What you should do:
Once the line with "74 Kibbe Road" is found in the data, output it and each following line exactly, up to and including the line with "325 Barbara Road", and nothing before or after.

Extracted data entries
···

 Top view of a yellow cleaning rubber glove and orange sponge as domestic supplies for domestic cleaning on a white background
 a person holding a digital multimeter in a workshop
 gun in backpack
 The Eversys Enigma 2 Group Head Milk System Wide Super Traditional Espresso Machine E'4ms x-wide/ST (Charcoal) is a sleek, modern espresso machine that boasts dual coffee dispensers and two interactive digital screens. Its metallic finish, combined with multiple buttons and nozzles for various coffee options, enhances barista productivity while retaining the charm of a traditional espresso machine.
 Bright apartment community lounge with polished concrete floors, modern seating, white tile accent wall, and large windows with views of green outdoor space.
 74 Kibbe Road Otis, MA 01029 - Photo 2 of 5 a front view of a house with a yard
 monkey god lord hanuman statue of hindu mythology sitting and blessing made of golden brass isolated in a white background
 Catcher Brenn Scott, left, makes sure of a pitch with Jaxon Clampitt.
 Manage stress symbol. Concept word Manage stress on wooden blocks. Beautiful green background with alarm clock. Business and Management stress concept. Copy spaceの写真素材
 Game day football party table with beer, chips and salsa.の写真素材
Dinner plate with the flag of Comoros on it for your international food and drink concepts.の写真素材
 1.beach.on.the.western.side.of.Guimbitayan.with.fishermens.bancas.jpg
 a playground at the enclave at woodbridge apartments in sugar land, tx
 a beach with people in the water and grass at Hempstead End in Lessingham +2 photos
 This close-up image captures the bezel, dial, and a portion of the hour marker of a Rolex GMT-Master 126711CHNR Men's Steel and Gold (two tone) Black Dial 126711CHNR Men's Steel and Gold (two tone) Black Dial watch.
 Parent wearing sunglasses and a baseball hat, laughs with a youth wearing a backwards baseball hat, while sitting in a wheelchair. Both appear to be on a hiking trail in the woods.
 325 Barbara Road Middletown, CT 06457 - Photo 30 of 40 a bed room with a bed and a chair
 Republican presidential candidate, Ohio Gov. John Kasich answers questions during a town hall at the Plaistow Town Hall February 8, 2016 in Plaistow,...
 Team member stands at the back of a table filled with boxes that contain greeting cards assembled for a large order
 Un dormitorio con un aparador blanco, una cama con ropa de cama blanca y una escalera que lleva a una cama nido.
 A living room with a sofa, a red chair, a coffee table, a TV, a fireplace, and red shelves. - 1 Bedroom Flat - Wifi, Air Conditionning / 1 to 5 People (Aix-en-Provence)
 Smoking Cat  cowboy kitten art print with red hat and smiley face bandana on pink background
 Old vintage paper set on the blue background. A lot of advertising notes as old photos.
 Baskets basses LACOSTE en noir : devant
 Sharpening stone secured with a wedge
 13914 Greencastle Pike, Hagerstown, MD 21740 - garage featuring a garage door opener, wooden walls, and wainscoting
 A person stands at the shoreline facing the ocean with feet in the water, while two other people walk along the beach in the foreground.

···

Solved exercise:
 74 Kibbe Road Otis, MA 01029 - Photo 2 of 5 a front view of a house with a yard
 monkey god lord hanuman statue of hindu mythology sitting and blessing made of golden brass isolated in a white background
 Catcher Brenn Scott, left, makes sure of a pitch with Jaxon Clampitt.
 Manage stress symbol. Concept word Manage stress on wooden blocks. Beautiful green background with alarm clock. Business and Management stress concept. Copy spaceの写真素材
 Game day football party table with beer, chips and salsa.の写真素材
Dinner plate with the flag of Comoros on it for your international food and drink concepts.の写真素材
 1.beach.on.the.western.side.of.Guimbitayan.with.fishermens.bancas.jpg
 a playground at the enclave at woodbridge apartments in sugar land, tx
 a beach with people in the water and grass at Hempstead End in Lessingham +2 photos
 This close-up image captures the bezel, dial, and a portion of the hour marker of a Rolex GMT-Master 126711CHNR Men's Steel and Gold (two tone) Black Dial 126711CHNR Men's Steel and Gold (two tone) Black Dial watch.
 Parent wearing sunglasses and a baseball hat, laughs with a youth wearing a backwards baseball hat, while sitting in a wheelchair. Both appear to be on a hiking trail in the woods.
 325 Barbara Road Middletown, CT 06457 - Photo 30 of 40 a bed room with a bed and a chair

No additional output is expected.